Aim of the task: Return exactly the lines of the entries that start at the line containing "Japanse Seigaiha Waves" and continue to the last line. Omit the pictures.

Information:
■ ■ ■ ■
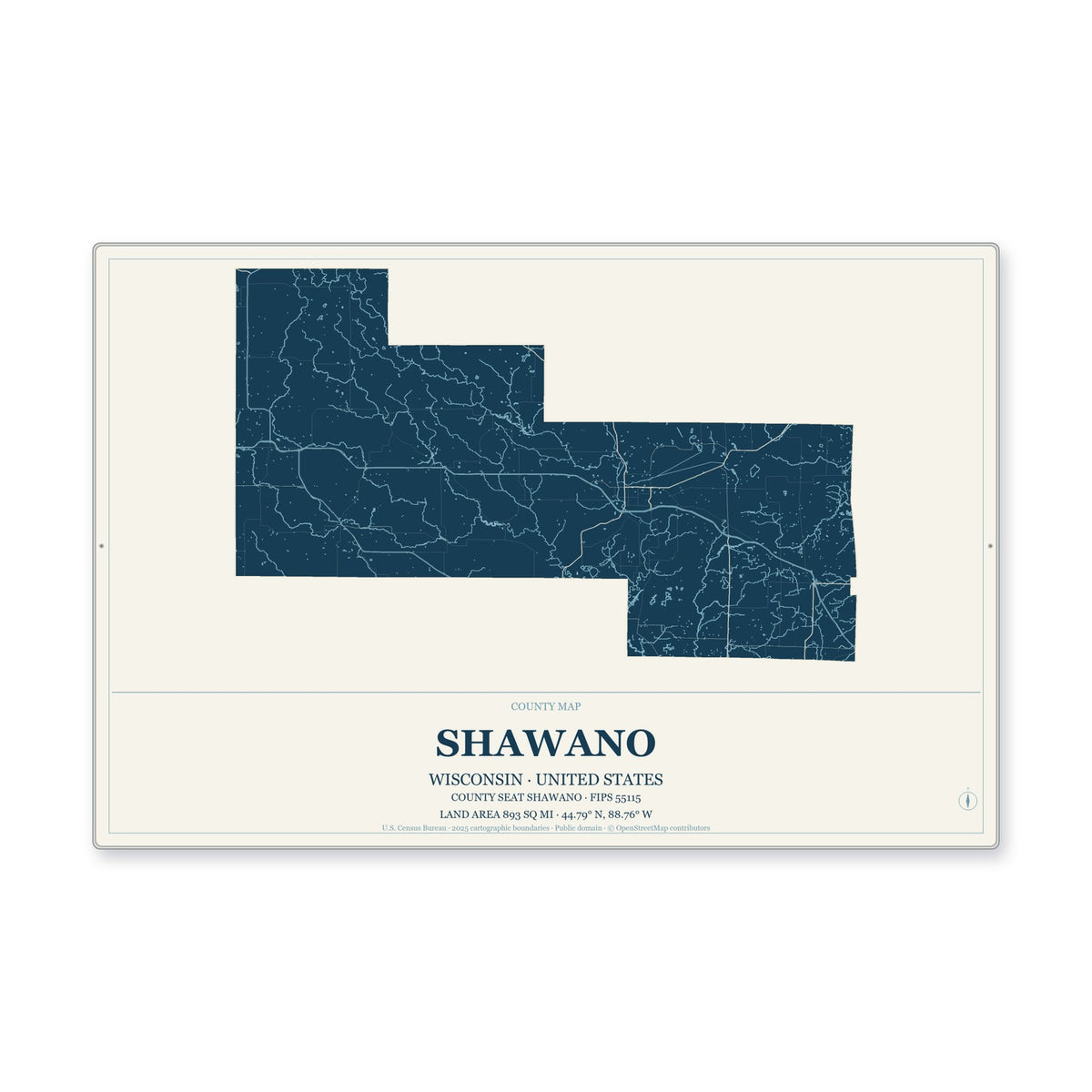 Shawano County, Wisconsin Map Aluminum Sign in Coastal Cutout style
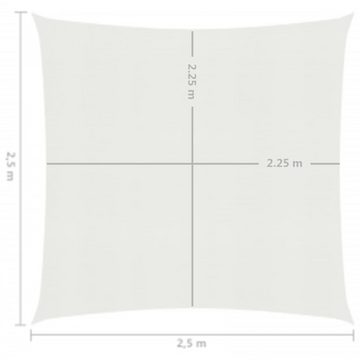 furnicato Sonnenschirm Sonnensegel 160 g/m² Weiß 2,5x2,5 m HDPE
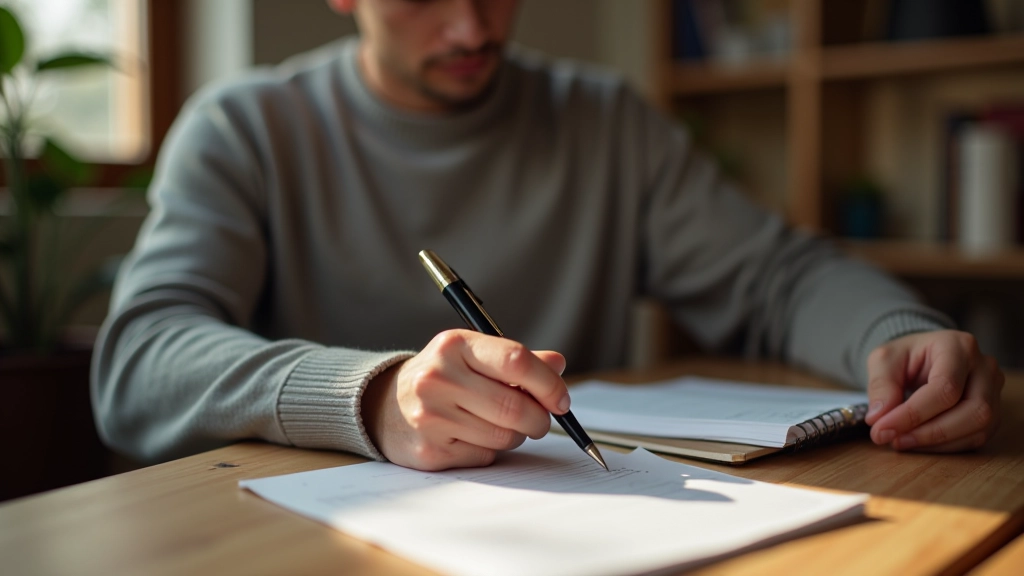 Person reviewing handwritten progress notes in a quiet workspace with natural light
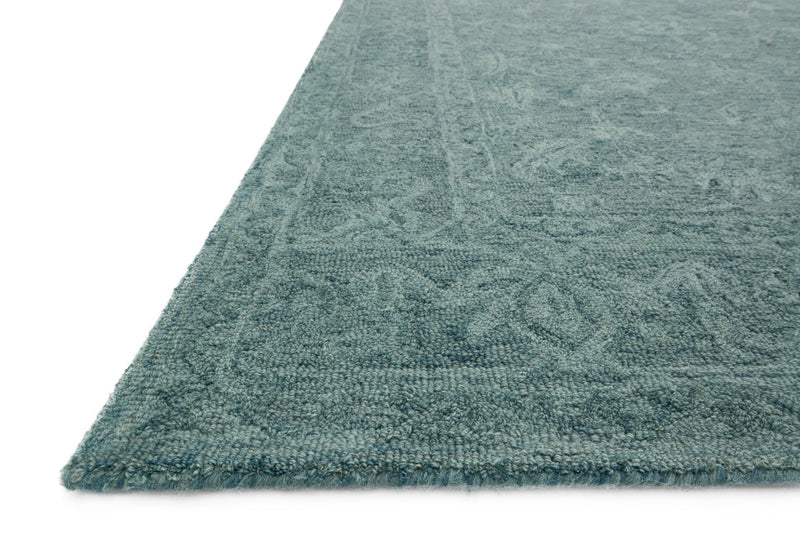 LYLE Collection Wool Rug  in  TEAL Blue Runner Hand-Hooked Wool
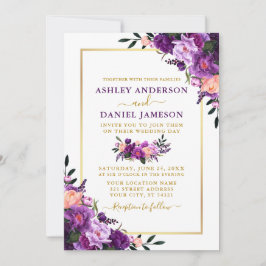 Invitación Moderno Boda elegante de fotos con flores moradas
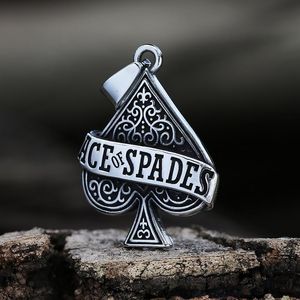 Hänge Halsband Lucky Ace Of Spades Män Smycken Stainless Steel Poker A Rock Punk Casino Good Fortune Collar Tillbehör V232Hänge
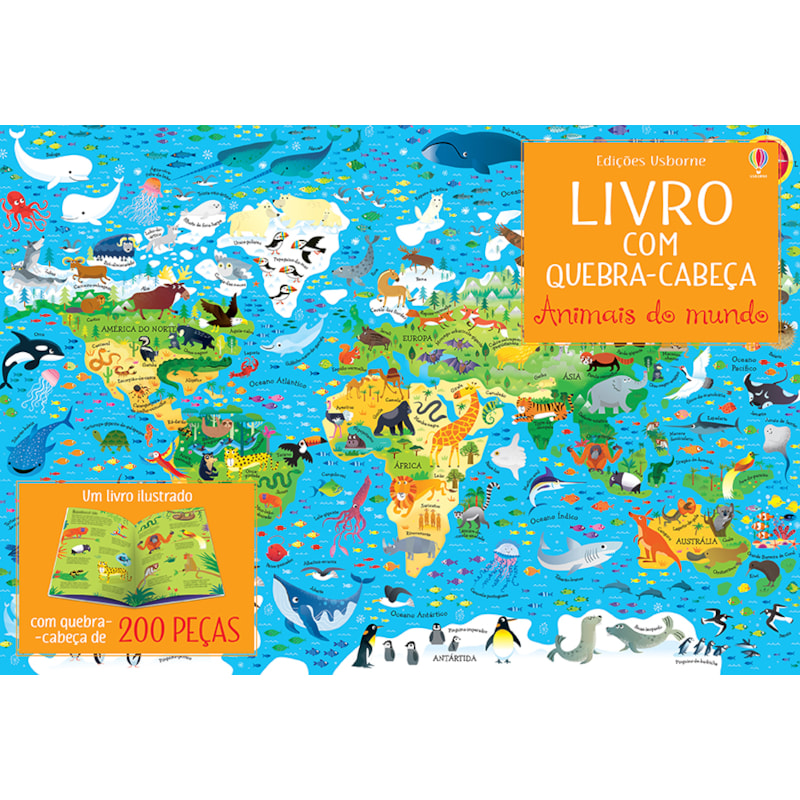 ANIMAIS DO MUNDO: LIVRO COM QUEBRA-CABEÇA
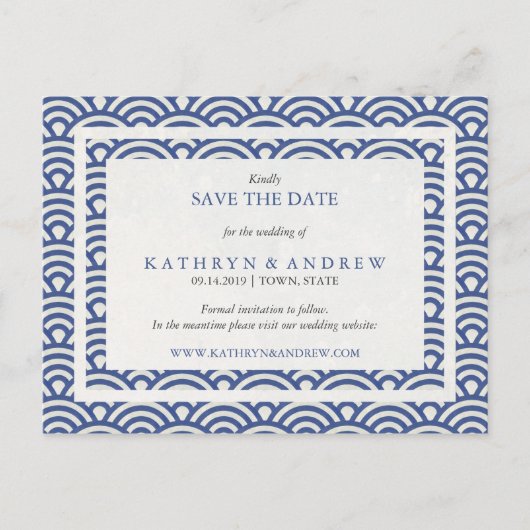 Japanse Seigaiha Waves sparen de datum geen foto Aankondigingskaart (Voorkant)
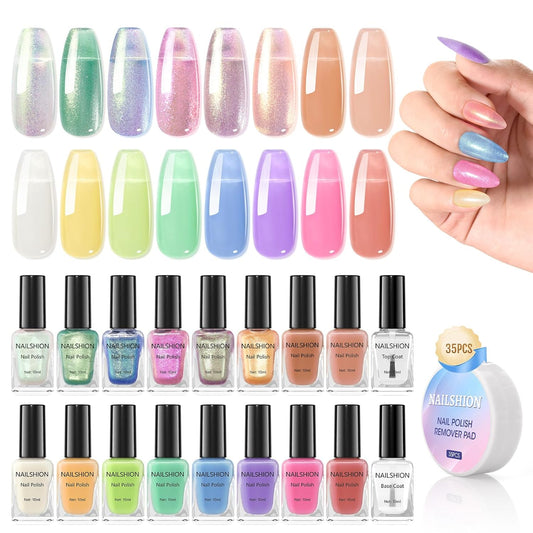 Nail Polish Set, Glitter Holographic Nude Peach Pink Shimmer Shades 16 Colors Nail Lacquer with Clear Base Top Coat & Remover Pads, Hema-free, Air Dry Non Gel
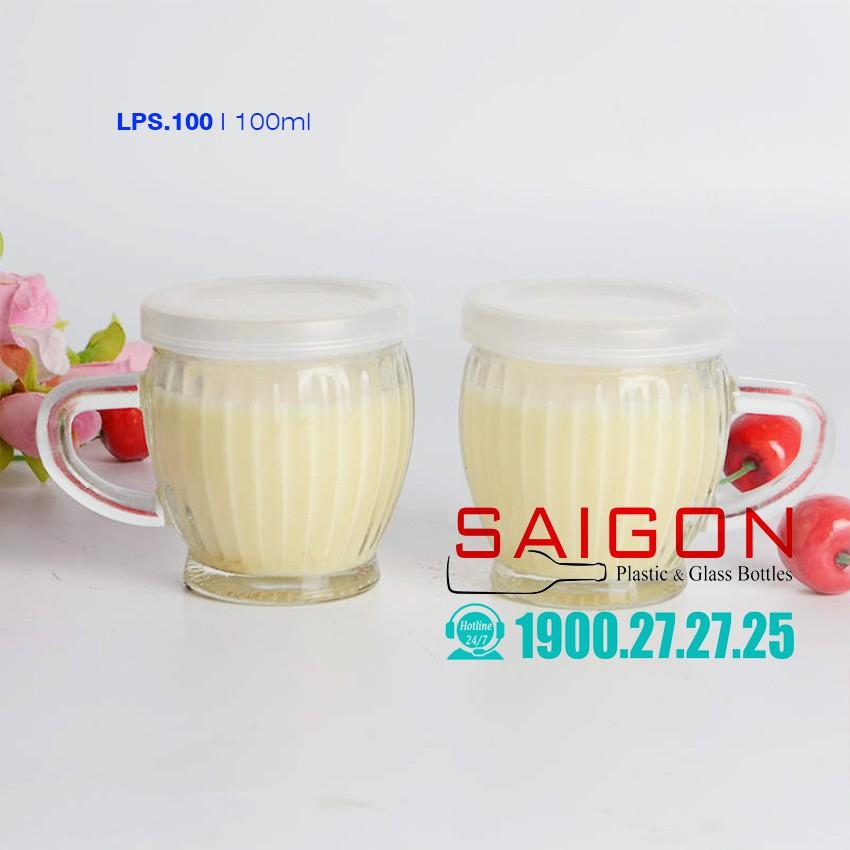 Ly Thủy Tinh Sọc Làm Pudding 100ml Nắp Nhựa Cao Cấp | LPS.100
■ ■ ■ ■
Final answer:
 Japanse Seigaiha Waves sparen de datum geen foto Aankondigingskaart (Voorkant)
 Nail Polish Set, Glitter Holographic Nude Peach Pink Shimmer Shades 16 Colors Nail Lacquer with Clear Base Top Coat & Remover Pads, Hema-free, Air Dry Non Gel
 Ly Thủy Tinh Sọc Làm Pudding 100ml Nắp Nhựa Cao Cấp | LPS.100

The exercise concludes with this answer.